Top of Entries supplied
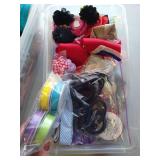 Two Bins Fancy Bows, Flowers, Elastics & Head Band Making Supplies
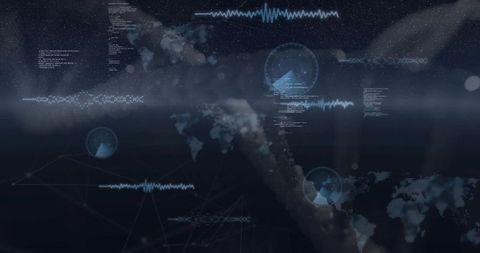 Streaming vertical data helix pulsing across neon cyberspace dashboard with HUD maps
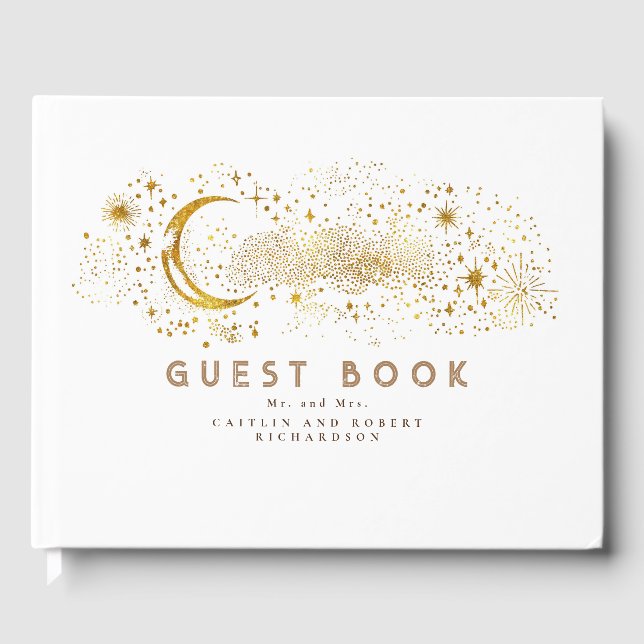 Livre D'or Crescent Moon Starry Nuit Mariage céleste (Recto)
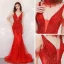 High End Rot Abendkleider 2020 Meerjungfrau Tiefer V-Ausschnitt Kurze Ärmel Handgefertigt Perlenstickerei Strass Sweep / Pinsel Zug Rückenfreies Festliche Kleider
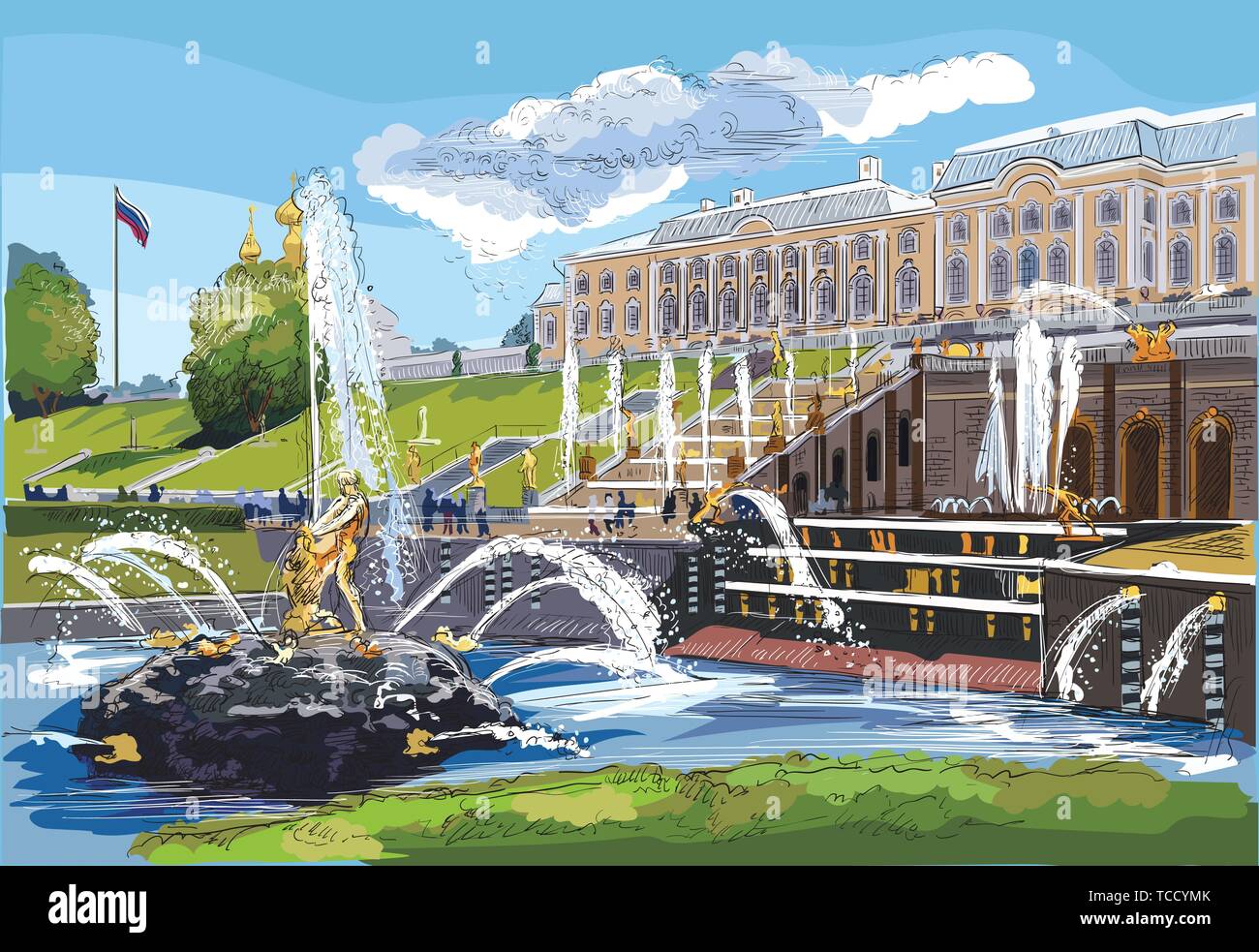 Malerischer Blick auf die Große Kaskade, Skulpturen und Springbrunnen auf Schloss Peterhof in St. Petersburg, Russland. Bunte isoliert Vektor Handzeichnung illus Stock Vektor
Bottom of Entries supplied
[Problem]:
Please print the line that contains "Streaming vertical data" along with every later line of the material, exactly, through the last one. Leave pictures out of the copy.

[Solution to this problem]:
 Streaming vertical data helix pulsing across neon cyberspace dashboard with HUD maps
 Livre D'or Crescent Moon Starry Nuit Mariage céleste (Recto)
 High End Rot Abendkleider 2020 Meerjungfrau Tiefer V-Ausschnitt Kurze Ärmel Handgefertigt Perlenstickerei Strass Sweep / Pinsel Zug Rückenfreies Festliche Kleider
 Malerischer Blick auf die Große Kaskade, Skulpturen und Springbrunnen auf Schloss Peterhof in St. Petersburg, Russland. Bunte isoliert Vektor Handzeichnung illus Stock Vektor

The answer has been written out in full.